The video then cuts to several close-ups with Kim and Kota, as well as scenes featuring both of them with their friends having fun on the seaside and dancing around the bonfire. During the second chorus at around two minutes and ten seconds, a plane taking off the runway is seen. Seconds later, the video cuts between Kim inside the plane as well as the scenery of the island and Hanseo University' airfield.
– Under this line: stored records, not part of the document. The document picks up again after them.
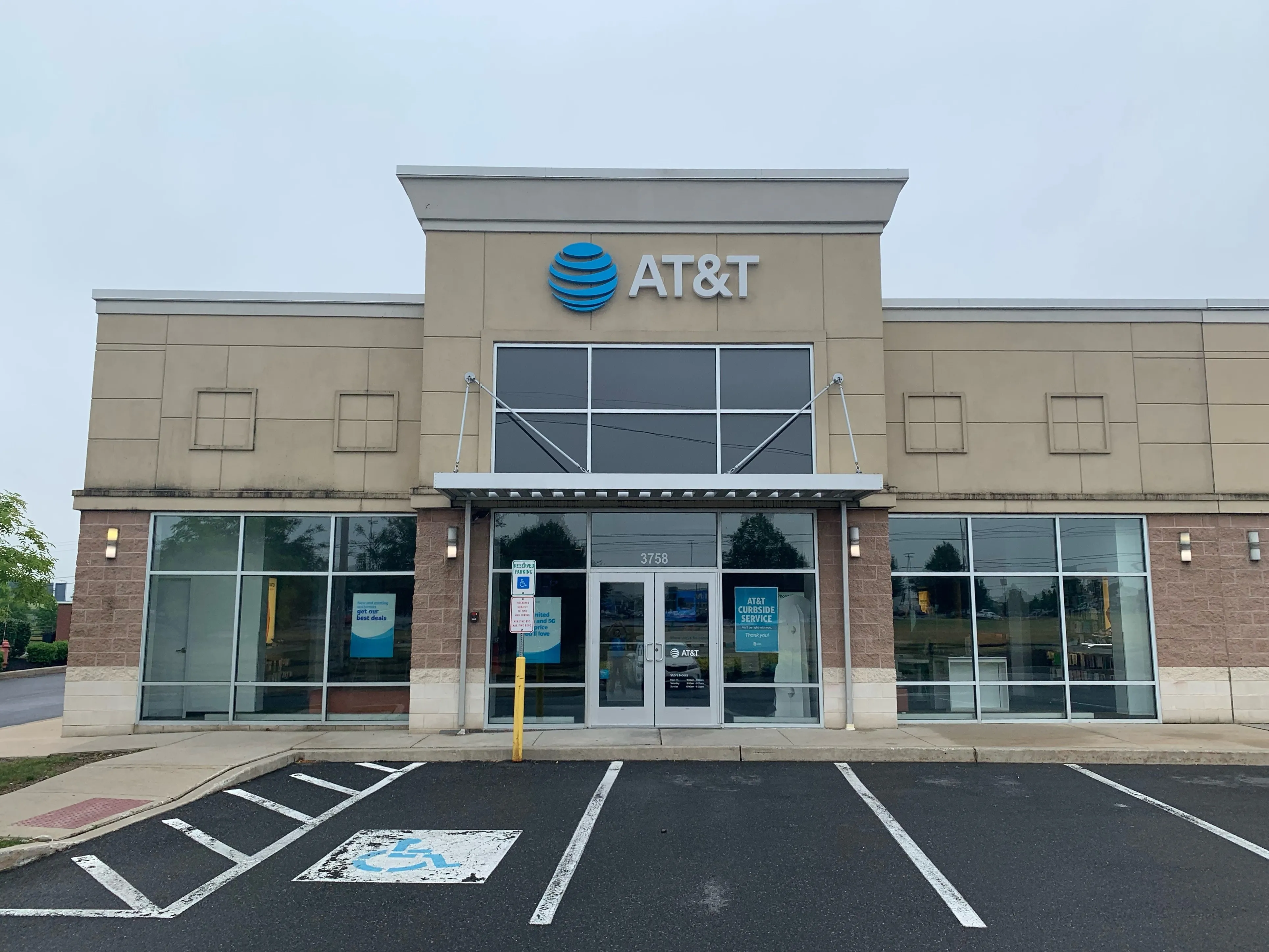 AT&T Store Easton - Lower Nazareth Commons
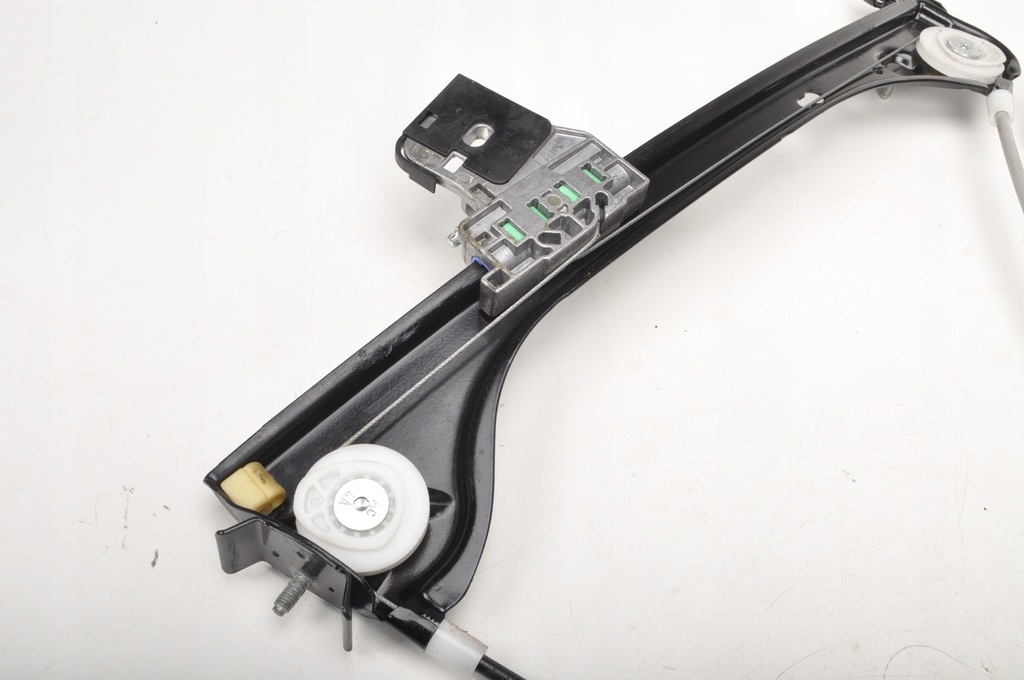 фото №4, Mercedes w172 r172 подъемник стекло левый перед 3d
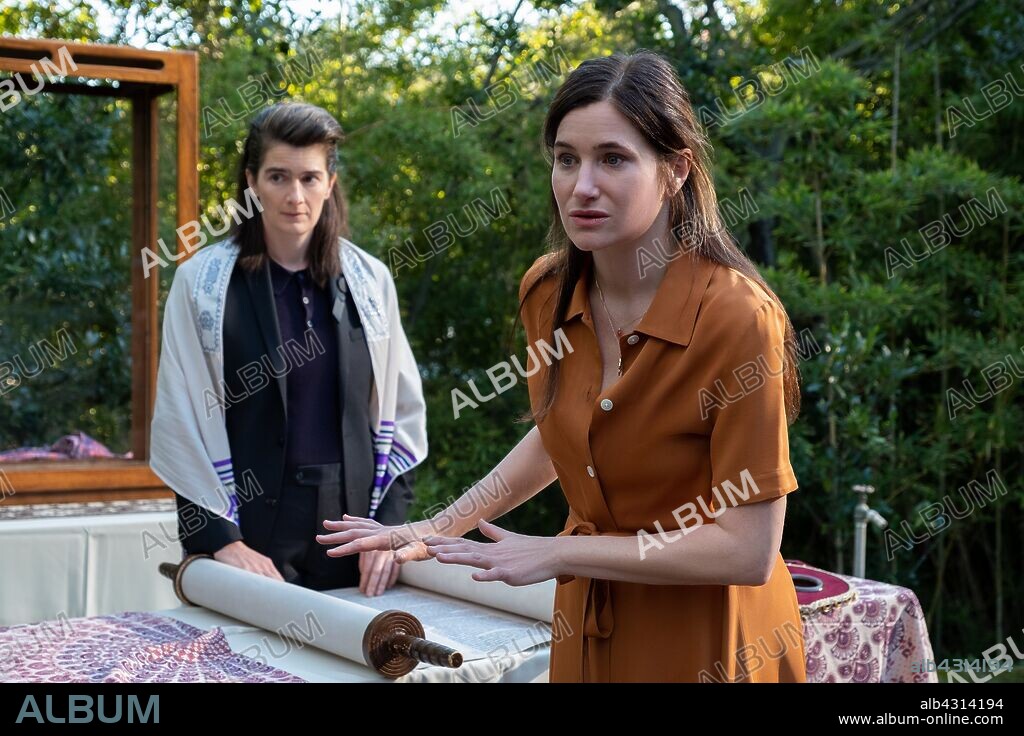 GABY HOFFMANN y KATHRYN HAHN en TRANSPARENT, 2014, dirigida por JILL SOLOWAY. Copyright AMAZON STUDIOS. Transparent Musicale Finale Season 5.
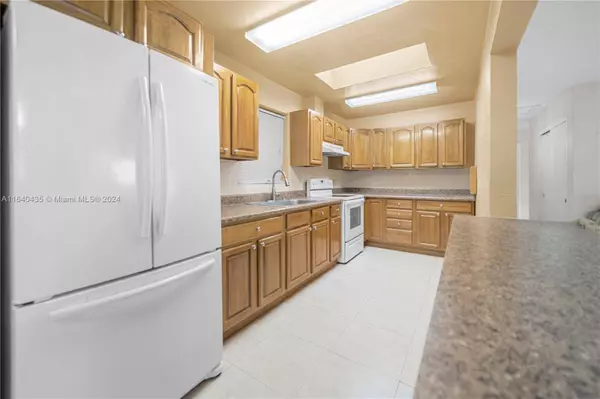 4835 SW 112th Ave, Miami, FL 33165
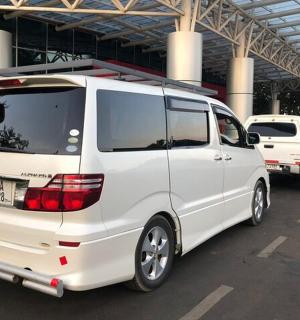 一辆白色货车停在停车场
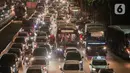 Ribuan kendaraan terjebak kemacetan di ruas Jalan Gatot Subroto dan Tol Dalam Kota di Jakarta, Jumat (20/1/2023). Menjelang libur panjang akhir pekan dan tahun baru Imlek sejumlah ruas jalan Ibu Kota terutama yang mengarah keluar kota dipadati kendaraan. (Liputan6.com/Faizal Fanani)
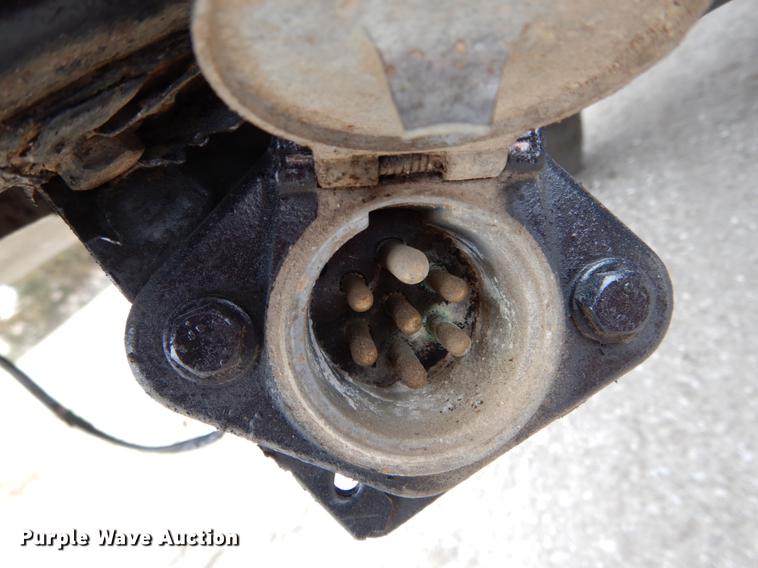 image for item DE6036 2006 Ford F350 Super Duty XL Crew Cab pickup truck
The video ends with the back view of Kim and Kota sitting on the sand and watching the sunset over sea with their Korean names seen below the "우리둘이" song title.

==Track listing==

===Korea edition===

| No. | Title | Lyrics | Music | Arrangement | Length |
|---|---|---|---|---|---|
| 1. | "Always Love You" | Jang Young-wan (장영완), Tae Bong-i (태봉이), Iyuna (이유나) | Jang Young-wan (장영완), Tae Bong-i (태봉이) | Tae Bong-i (태봉이), Iyuna (이유나) | 3:27 |
| 2. | "Always Love You" (instrumental) |  | Jang Young-wan (장영완), Tae Bong-i (태봉이) | Iyuna (이유나) | 3:27 |

===Japan edition===

| No. | Title | Lyrics | Music | Arrangement | Length |
|---|---|---|---|---|---|
| 1. | "Always Love You" (Japanese edition) |  | Jang Young-wan (장영완), Tae Bong-i (태봉이) | Iyuna (이유나) | 3:27 |
| 2. | "Always Love You" (Korean edition) | Jang Young-wan (장영완), Tae Bong-i (태봉이), Iyuna (이유나) | Jang Young-wan (장영완), Tae Bong-i (태봉이) | Iyuna (이유나) | 3:27 |
| 3. | "Always Love You" (Instrumental) |  | Jang Young-wan (장영완), Tae Bong-i (태봉이) | Iyuna (이유나) | 3:27 |

Type A
| No. | Title | Length |
|---|---|---|
| 1. | "Making of "Always Love You" music video" |  |

Type B
| No. | Title | Length |
|---|---|---|
| 1. | "Photobook" |  |

==Charts==

| Chart | Country | Peak position | Sales |
| Gaon Weekly Digital Charts | South Korea | 72 |  |
| Gaon Weekly Download Charts | 57 | 24 497 |
| Oricon Top 10 Daily Charts | Japan | 9 |  |
| Oricon Weekly Charts | 30 |  |

==Credits==

- Kim Hyung-jun and Kota – vocals
- Miho – Piano, string arranger
- Jyeong Suwan (정수완) – guitar
- Yung Seuteu Ling (융스트링) – string
- Park Chan (박찬) and Sin Sujin (신수진) – chorus

- Jang Young-wan (장영완) – composer and lyricist
- Tae Bong-i (태봉이) – composer, lyricist, and arranger
- Iyuna (이유나) – lyricist and arranger
- Kang Haegu (강해구) – recording engineer
- 박힉 – mixing engineer
- Gik Hyoyeong (칙효영) – mastering engineer

Credits adapted from "Always Love You" liner notes.